Hong Kong Market Misconduct Tribunal Finds $47 Million Listed Company Mayer Holdings & 9 Ex-Senior Executives Guilty of Failure to Disclose Inside Information, Mayer Holdings & Executives Had Appealed Against 2017 Verdict with $1.3 Million Fine & Disqualification of Directors
9th August 2023 | Hong Kong
The Hong Kong Market Misconduct Tribunal (MMT) finds $47 million (9/8/23: HKD 373 million market value) Hong Kong-listed company Mayer Holdings & 9 former senior executives guilty of failure to disclose inside information. Mayer holdings & 8 former senior executives had appealed against the 2017 verdict with $1.3 million fine & disqualification of directors. Hong Kong Securities & Futures Commission (SFC): “The Market Misconduct Tribunal (MMT) has found that Mayer Holdings Limited (Mayer) and nine of its former senior executives failed to disclose inside information as soon as reasonably practicable as required under the Securities and Futures Ordinance (SFO) following remitted proceedings after the Court of Appeal allowed appeals by Mayer and its directors against an earlier determination by the MMT (Notes 1 & 2). In the remitted proceedings, upon assessing the cumulative impact of the undisclosed pieces of specific information regarding suspicious transactions and the resignation of auditors that would have had on the potential buyers and sellers of Mayer shares at the material time, the MMT was satisfied that the undisclosed information would have been likely to have had a material effect on the share price of Mayer and therefore found that the undisclosed specific information constituted inside information (Note 3). The MMT also found that Mayer had no written guidelines and/or internal control policies on the statutory requirements to disclose inside information which resulted in the breach of the disclosure requirement imposed on it under the SFO. As regards the other nine former senior executives, the MMT found that they have also breached the disclosure requirement imposed on them under the SFO, in that their intentional, reckless or negligent conduct resulted in the breach of the disclosure requirement by Mayer; and/or that they had not taken all reasonable measures to ensure proper safeguards existed to prevent the breach.” See below for Hong Kong SFC statement:
“ Hong Kong Market Misconduct Tribunal Finds $47 Million Listed Company Mayer Holdings & 9 Ex-Senior Executives Guilty of Failure to Disclose Inside Information, Mayer Holdings & Executives Had Appealed Against 2017 Verdict with $1.3 Million Fine & Disqualification of Directors “
Executive Director of Enforcement of the Securities and Futures Commission, Christopher Wilson: “Senior executives of listed companies are responsible for ensuring appropriate and effective internal controls are in place for compliance with relevant disclosure requirements under the SFO. This is because timely disclosure of inside information is crucial to the orderly operation of the securities market and the maintenance of a fair and informed market.”

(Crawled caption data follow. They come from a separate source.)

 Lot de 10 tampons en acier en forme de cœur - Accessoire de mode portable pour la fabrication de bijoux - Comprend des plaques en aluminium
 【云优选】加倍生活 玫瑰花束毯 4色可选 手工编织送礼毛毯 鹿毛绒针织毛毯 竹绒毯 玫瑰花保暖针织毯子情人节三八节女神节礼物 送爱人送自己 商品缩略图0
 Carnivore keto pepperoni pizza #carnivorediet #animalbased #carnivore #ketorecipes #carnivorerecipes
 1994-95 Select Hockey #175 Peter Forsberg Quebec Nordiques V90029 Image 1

Hong Kong Market Misconduct Tribunal Finds $47 Million Listed Company Mayer Holdings & 9 Ex-Senior Executives Guilty of Failure to Disclose Inside Information
- Market Misconduct Tribunal finds Mayer Holdings Limited and its former senior management for late disclosure of inside information
9th August 2023 – The Market Misconduct Tribunal (MMT) has found that Mayer Holdings Limited (Mayer) and nine of its former senior executives failed to disclose inside information as soon as reasonably practicable as required under the Securities and Futures Ordinance (SFO) following remitted proceedings after the Court of Appeal allowed appeals by Mayer and its directors against an earlier determination by the MMT (Notes 1 & 2).

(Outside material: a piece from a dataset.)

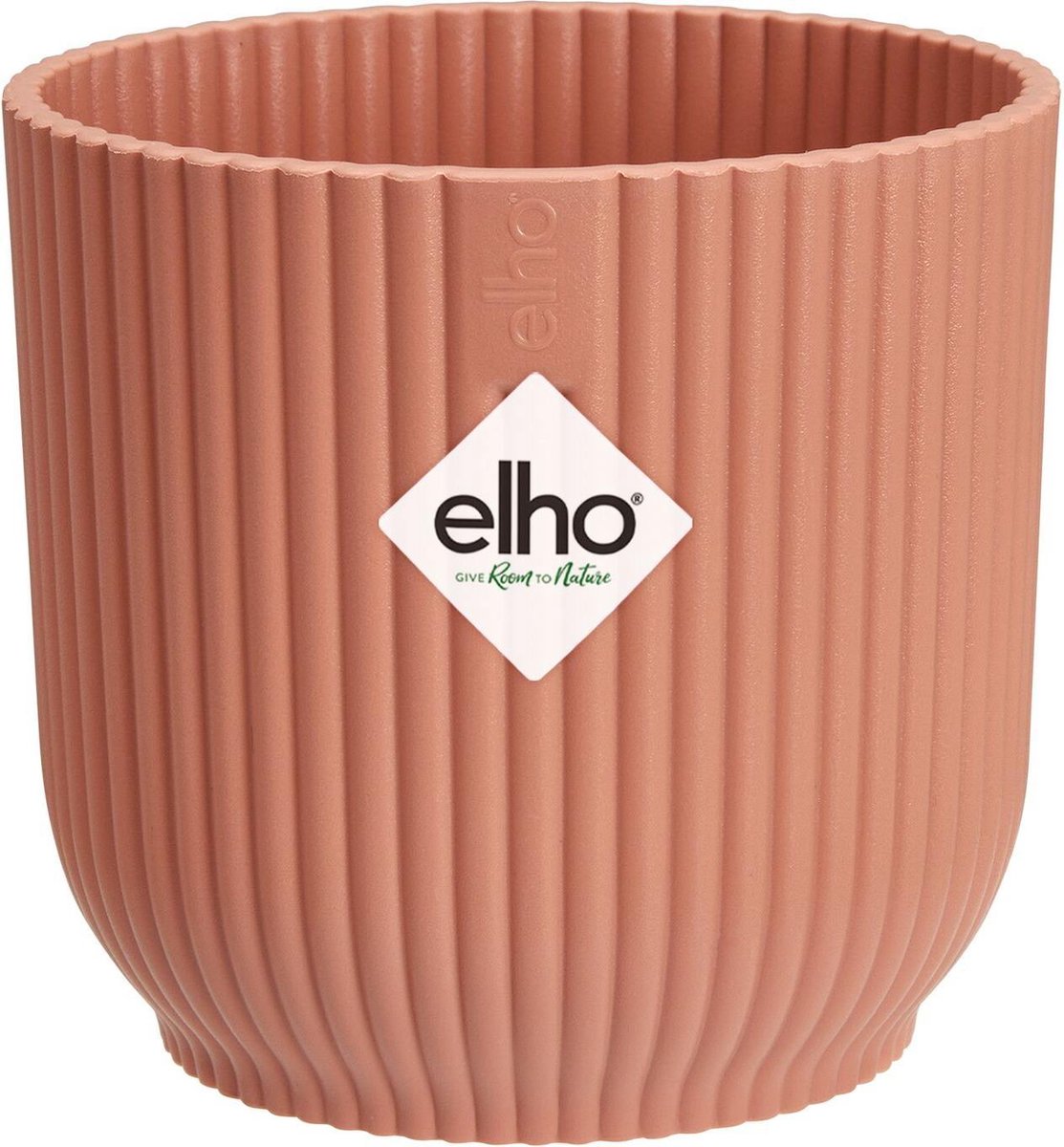 Elho Vibes Fold Rond Mini 7 - Bloempot voor Binnen - 100% Gerecycled Plastic - Ø 7.0 x H 6.5 cm - Delicaat roze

In the remitted proceedings, upon assessing the cumulative impact of the undisclosed pieces of specific information regarding suspicious transactions and the resignation of auditors that would have had on the potential buyers and sellers of Mayer shares at the material time, the MMT was satisfied that the undisclosed information would have been likely to have had a material effect on the share price of Mayer and therefore found that the undisclosed specific information constituted inside information (Note 3).
The MMT also found that Mayer had no written guidelines and/or internal control policies on the statutory requirements to disclose inside information which resulted in the breach of the disclosure requirement imposed on it under the SFO.

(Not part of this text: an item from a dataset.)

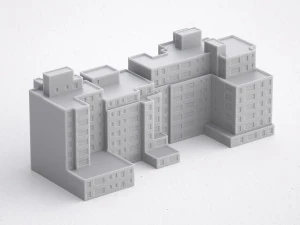 Edificio in miniatura con stampa 3D RB-US-NY-028 Modello di stampa 3D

As regards the other nine former senior executives, the MMT found that they have also breached the disclosure requirement imposed on them under the SFO, in that their intentional, reckless or negligent conduct resulted in the breach of the disclosure requirement by Mayer; and/or that they had not taken all reasonable measures to ensure proper safeguards existed to prevent the breach.
The MMT will determine the sanctions against Mayer and its former senior executives in a later hearing on a date to be fixed.
The MMT first found in 2017 that Mayer and the nine former senior executives failed to disclose inside information as required under the SFO and fined them a total of $10.2 million and imposed disqualification orders ranging from 12 to 20 months against Mayer’s former senior executives (Note 4).
Mayer and eight of the former senior executives appealed against the MMT’s determination and the orders imposed. In June 2020, the Court of Appeal allowed the appeals and ordered the matter to be remitted to the MMT to re-consider its determination.
Notes:
- The MMT’s report is available on its website.
- The nine former senior executives are: former chairman and executive director, Mr Hsiao Ming Chih; former company secretary and financial controller, Mr Tommy Chan Lai Yin; former executive directors, Mr Lai Yueh Hsing, Mr Chiang Jen Chin and Mr Xue Wenge; former non-executive director, Mr Li Deqiang; former independent non-executive directors, Mr Huang Jui Hsiang, Mr Lin Sheng Bin and Mr Alvin Chiu.
- The undisclosed information which the MMT found to be inside information include: (i) the resignation of Mayer’s auditors; (ii) the questionable character of a transaction involving a wholly owned subsidiary of Mayer; and (iii) the commercial substance and/or recoverability of prepayments made to suppliers by Mayer’s jointly controlled entities.
- Please see the SFC’s press releases dated 7 February 2017 and 5 April 2017.